M. Goj ajoute : « Mais trop d’obligations disqualifient les petites entreprises au profit des grandes. On nous multiplie démarches et coûts de qualification pour des options de quelques centaines d’euros pour les bornes, ou milliers pour le photovoltaïque, dans un chantier global de dizaines de milliers d’euros. Si la qualification ne vaut que pour que pour une part très marginale de chiffre d’affaires, les TPE abandonnent. Mais elles sont "disqualifiées" parfois pour tout un chantier ».

« Pour le photovoltaïque, la problématique, ce n'est pas tant la qualification. La problématique, c'est l'assurance, réticente à assouplir un peu la démarche et l'adhésion pour cette activité, au démarrage très sinistrée », remarque Pascal Toggenburger de la FFIE.

Thierry Grosdidier, de Qualifelec acquiesce : « Avec cette sinistralité, les assureurs sont devenus timides et on a beaucoup de mal à rétablir la confiance. À travers la qualification, nous contribuons à créer les bonnes conditions d’exécution et éviter les déboires ».
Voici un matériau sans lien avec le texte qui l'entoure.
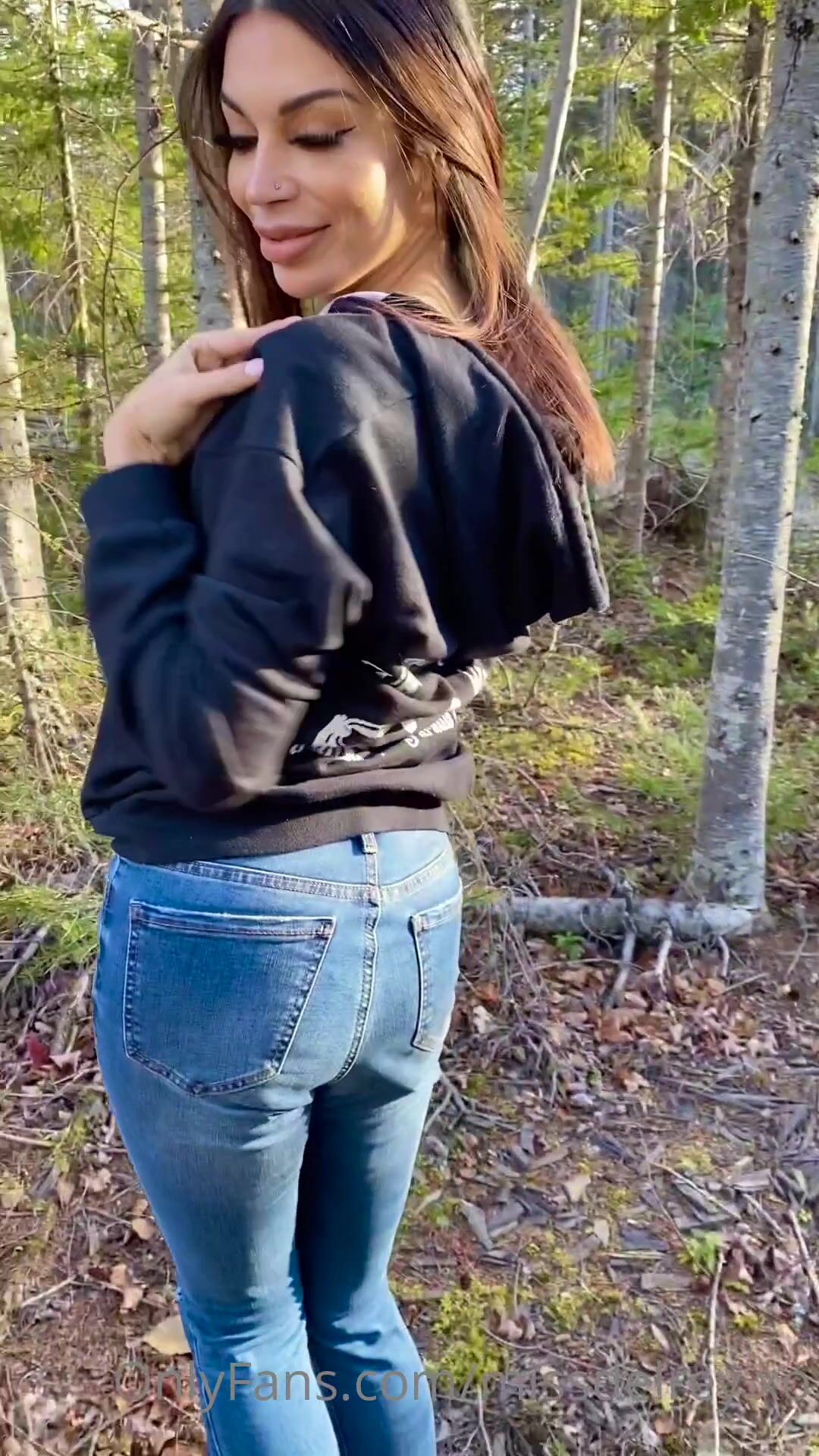 Myla Del Rey Blowjob And Quickie In The Forest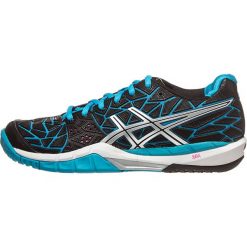 Buty w kolorze czarno-niebieskim do gry w tenisa. Niebieskie buty sportowe damskie Asics, bez wzorów, sportowe, tenisowe. W wyprzedaży za 249,95 zł.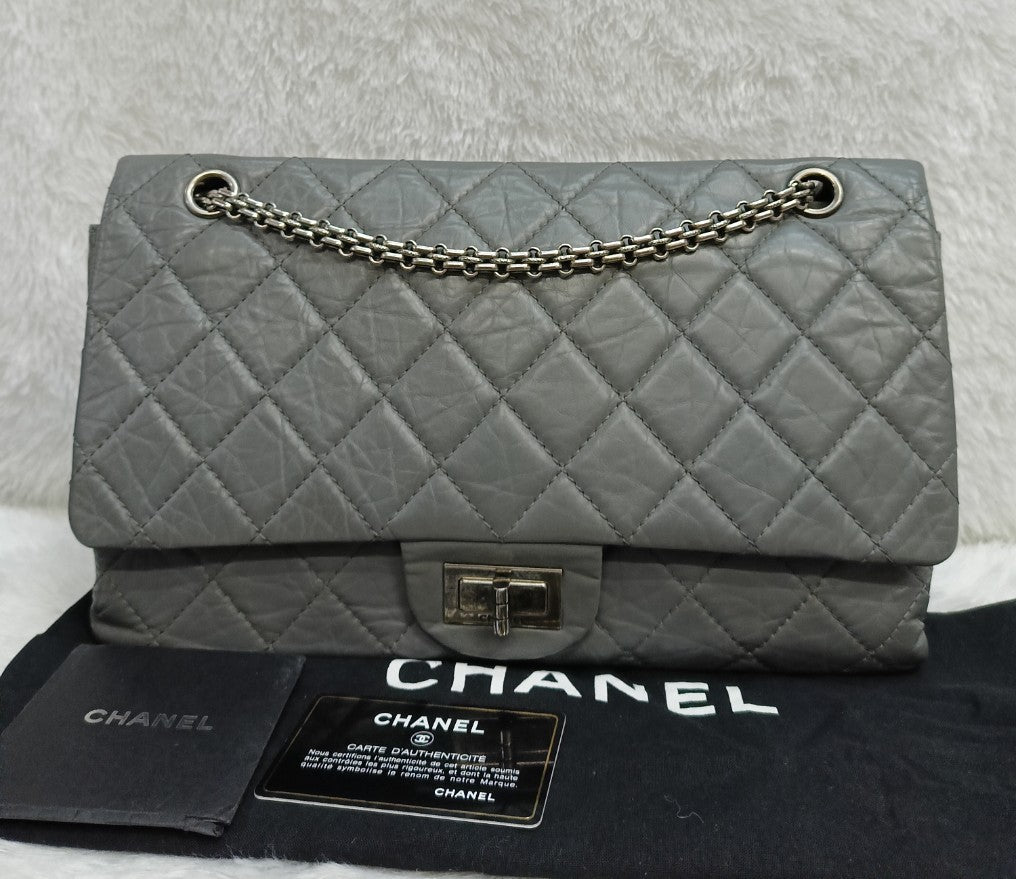 Chanel Jumbo Reissue Calfskin Grey RHW #12. Size 30x17x10cm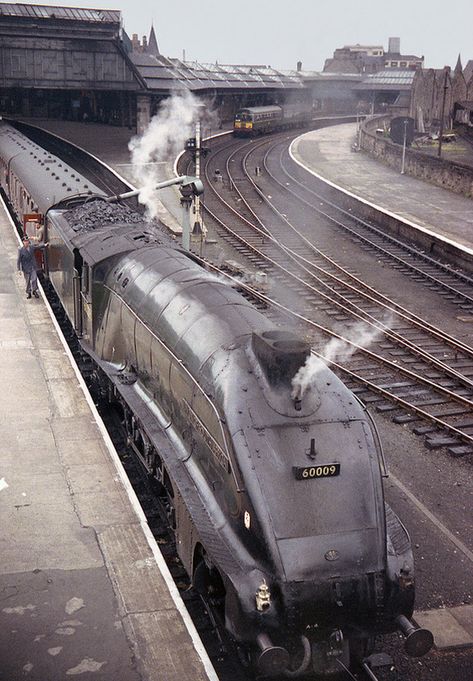 Lner A4, Union Of South Africa, Steam Trains Uk, Train Photo, Old Steam Train, Steam Engine Trains, Steam Railway, Old Trains, Electric Train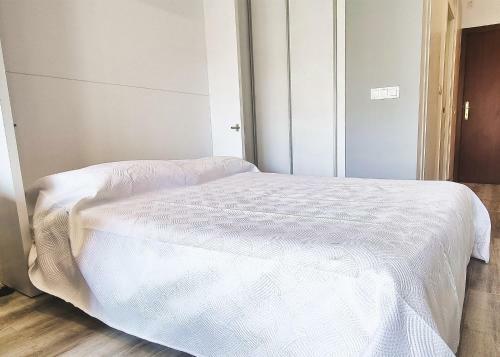 Apartamento Cibeles 904. Moderm Studio With Sea Views In Marbella Centre.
Une qualification efficace ?

 

Mais si les qualifications des métiers électriques tendent à protéger des marchés émergents, certaines sont-elles pertinentes ? « Côté pompes à chaleur, il y a des grosses unités, des fluides frigorigènes… donc objectivement des raisons de qualification, voire de certification », reconnaît Philippe Goj. 

Le président de FEDELEC est toutefois plus dubitatif vis-à-vis des IRVE, de 3 à 6 kW. « Il n’y a pas de différence majeure entre les principes d’alimentation des plaques de cuisson, des moteurs de machines à laver et des petites bornes de nos voitures », argue-t-il, en réclamant que le niveau de qualification soit proportionnel au risque.

D’après Consuel, 22,3 % des installations IRVE affichaient des non-conformités en termes de mise en œuvre en 2023. Alors que 36 % des installations photovoltaïques contrôlées étaient non-conformes, tous les aspects confondus.

Des démarches encore trop lourdes ? 

 

La multitude de qualifications est aussi contraignante pour Pascal Toggenburger. « Au sein de Qualifelec, il y a un dialogue préalable avec la compagnie d'assurance pour bien vérifier que les démarches sont en cours, l'attestation de l'assurance couvre ce nouveau champ d'activité et donc la qualification provisoire est donnée », nuance le président la FFIE.

L’organisme de qualification cherche à fluidifier davantage ses procédures via la dématérialisation. Par la plateforme API.gouv, il arrive à tracer tous les changements de SIRET, les documents fiscaux ou sociaux. Des échanges sont en cours avec les assurances afin qu’elles acceptent de fournir directement les attestations. « Qualifelec est obligé de les demander à chaque échéance pour vérifier leur mise à jour. Or, chaque entreprise a des échéances différentes », justifie sa déléguée générale.

« La simplification d’une qualification ne résout pas le problème de leur multiplication et de la disproportion de leurs demandes », pour le président de FEDELEC.

Une chose est sûre pour Thierry Grosdidier : « Il n'est pas question qu'on desserre nos exigences. C'est la garantie pour les bons professionnels de ne pas être concurrencés par des éco-délinquants».